Roseville priest heads 2 parishes, embracing the joys and sorrows of each

courtesy of Melissa Nault Fr. Marc Paveglio was ordained in 2014 and divides his time between Saint Rose of Lima, Corpus Christi and his home in St. Paul, where he lives with four other priests.

photos courtesy of Moose Giannetti/Church of Corpus Christi Paveglio and Deacon Glenn Skuta elevate the Eucharist, bread and wine that in the Catholic tradition are consecrated into the body and blood of Christ.

Paveglio talks with parishioners at Corpus Christi; half the size of Saint Rose of Lima, Corpus Christi hosts around 400 people every weekend.
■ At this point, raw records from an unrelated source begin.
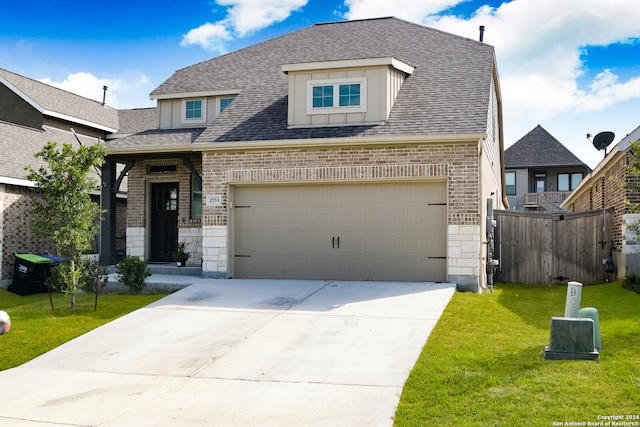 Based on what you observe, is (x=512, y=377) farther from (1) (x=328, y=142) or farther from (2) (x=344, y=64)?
(2) (x=344, y=64)

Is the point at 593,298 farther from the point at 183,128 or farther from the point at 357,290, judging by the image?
the point at 183,128

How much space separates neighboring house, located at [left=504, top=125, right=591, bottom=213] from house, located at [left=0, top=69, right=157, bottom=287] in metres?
26.2

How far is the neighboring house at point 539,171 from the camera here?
40500 mm

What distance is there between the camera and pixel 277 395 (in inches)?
266

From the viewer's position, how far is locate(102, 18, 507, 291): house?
43.1 ft

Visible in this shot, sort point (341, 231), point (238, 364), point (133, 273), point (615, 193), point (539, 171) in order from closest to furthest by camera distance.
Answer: point (238, 364) → point (133, 273) → point (341, 231) → point (615, 193) → point (539, 171)

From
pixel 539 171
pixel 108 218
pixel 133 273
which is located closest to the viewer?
pixel 133 273

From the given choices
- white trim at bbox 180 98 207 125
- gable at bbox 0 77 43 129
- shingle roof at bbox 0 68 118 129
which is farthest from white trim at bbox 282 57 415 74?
gable at bbox 0 77 43 129

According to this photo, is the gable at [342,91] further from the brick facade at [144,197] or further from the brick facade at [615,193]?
the brick facade at [615,193]

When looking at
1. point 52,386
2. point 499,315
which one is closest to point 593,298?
point 499,315

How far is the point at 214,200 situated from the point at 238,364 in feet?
23.3

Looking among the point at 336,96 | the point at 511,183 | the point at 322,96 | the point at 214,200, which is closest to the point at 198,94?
the point at 214,200

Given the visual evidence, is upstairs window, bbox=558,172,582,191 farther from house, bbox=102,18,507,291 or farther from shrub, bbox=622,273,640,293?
shrub, bbox=622,273,640,293

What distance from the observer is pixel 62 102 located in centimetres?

Each Sunday, Fr. Marc Paveglio rushes to get from the 9 a.m. Mass at Saint Rose of Lima to the 10:30 a.m. Mass at Corpus Christi. 

Hunched over the steering wheel in his emerald vestments, he stares down one of his arch nemeses, the traffic light at County Road B and Snelling Avenue. 

“I’m always trying to beat that red light!” he jokes. “[The churches] are just a mile apart. If you hit all the green lights, you can get there in literally 90 seconds.”

The Roseville Catholic churches are “clustered” — meaning they share the same priest — resulting in the 34-year-old doing a lot of driving around in his Sunday best. 

Although he could now probably make the trip between the two blindfolded — he doesn’t — he took over the dual role just eight months ago from the retired Fr. Robert Fitzpatrick, who was pastor at both churches for half a decade.

While the churches share an emphasis on outreach and tend to attract many young families, the topics on which each parish focuses when planning service projects and seminars can vary greatly. Corpus Christi hosts about 400 people each weekend; Saint Rose is about twice as big.

Liz Russell, communications coordinator at Corpus Christi, notes that it’s been important to both priests to respect and preserve the unique characters of both churches. Each parish continues to plan its own youth programs and community events, while combining adult education classes, which traditionally have had lower attendance.


The road to Roseville

Before he came to know the county roads of Roseville like the back of his hand, it was a chance encounter that brought Paveglio to Minnesota. After meeting a member of the Companions of Christ, a fraternity of local diocesan priests, he left his home state of Pennsylvania and moved in with the group in St. Paul. 

“It was clear that God was saying, ‘I want you to serve as a priest here,’” says Paveglio. “And my heart was really full of joy and excitement. Which was strange, because I have no connection to Minnesota.”

The joy and support that have come with being in the fraternity have helped Paveglio take on the dual role. He also emphasizes that the strong faith and openness of his parishioners have kept him inspired.

“I think to be a pastor, one of the most important things is spiritual vision,” he says. “Are my eyes open to see the presence of God in this people?”

With wonder, he recalls one woman who would come to pray in Saint Rose’s chapel every Monday at 1 a.m., even into her 90s. Paveglio say stories like this help him continue to know Christ through others. 


Keeping the faith

As a priest, Paveglio has the privilege of walking with his parishioners along the entire spectrum of the human experience, of intimately sharing their joys and sorrows. 

In the midst of the Catholic Church’s ongoing battle against sexual abuse by clergy members, this close relationship has come with the responsibility of reckoning with issues within the church. 

“We as Christians can be tempted to say, ‘When are we finally going to move past this?’” Paveglio says. “But sometimes that can just be a way to prevent us from really sharing the pain and the grief of those who have suffered. God calls us to not shy away from suffering.”

Through the years, Paveglio has watched Catholics not only leave the church, but lose their faith in the wake of the scandals. In addressing the abuse head-on in his homilies, he has tried to help people heal within the faith community. 

“If people haven’t been coming to Saint Rose for whatever reason, I think they need to come see him,” says Sean Slaikeu, principal of Saint Rose Catholic School. He describes Paveglio’s sermons as lively and relatable. “Come and see what his Masses are like and hear his homilies.”

In addition to being open with his parishioners, Paveglio has made an effort to be present. Russell and Slaikeu both say that he frequently attends each parishes’s community events, youth programs and service days. 

Asked about the future of each church — both were founded in 1939 — Paveglio describes a vibrant, joyful atmosphere. He talks frequently about the Holy Spirit and the life that it offers as it moves through a parish and into the community — in his case, two separate, yet connected churches.